ABSTRACT

‘Verses design’d to be prefix’d to Mr. Lintott’s Miscellany’ was first published on 20 May 1712. The period of composition of the ‘Verses’ can be established with some specificity. On 12 November 1711, Pope wrote to Cromwell: ‘Pray assure Mr Gay of my Service. I shou’d be glad to see the Verses to Lintott which you mention, for methinks something very odly agreable may be produc’d from that Subject’ (Corr., I.136). Six weeks later, on 21 December, Pope wrote again to Cromwell: ‘His [Gay’s] Verses to Lintot have put a Whim in[to] my head, which you are like to be troubled with in the opposite p[age]. Take it as you find it, the Production of half an hour, to[ther] Morning’ (Corr., I.138–9).

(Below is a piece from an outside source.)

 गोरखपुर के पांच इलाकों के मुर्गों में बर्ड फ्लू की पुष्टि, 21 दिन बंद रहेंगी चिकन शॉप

Miscellaneous Poems and Translations (1712) contained poems addressed to Lintot by both Gay and Pope, each offering a teasing commendation of the project. Both are anonymous, and neither is ‘prefix’d’ to the volume: Gay’s ‘ON A Miscellany of Poems. To BERNARD LINTOTT’ appears at pp. 168–74 and Pope’s ‘Verses design’d to be prefix’d to Mr. Lintott’s Miscellany’ follows it at pp. 174–5. McLaverty (2001: 16) suggests that Lintot probably considered the two poems ‘too undignified’ to act in a prefatory capacity and that he ‘sandwiched’ them in the middle. Together they form a something of a bridge between the more serious first half of the volume and its more satirical second part. The ‘Verses’ were the sixth of Pope’s seven certain contributions (for further discussion of the extent of Pope’s role in the publication of Miscellaneous Poems see Headnote to ‘The First Book of Statius his Thebais’). It is the only one for which no payment from Lintot is recorded (McLaverty 2001: 17), so it remains possible that it was inserted without Lintot’s knowledge of Pope’s authorship. The version of the poem printed by Edmund Curll, and attributed to Pope – ‘Written, (as he says) by Mr. Pope’ – in his Court Poems in Two Parts Compleat (1719), mischievously alters Pope’s reference to Thomas Rawlinson at line 10 into a hit at ‘JOHNNY GAY’ – a gesture typical of Curll’s fencing with Pope.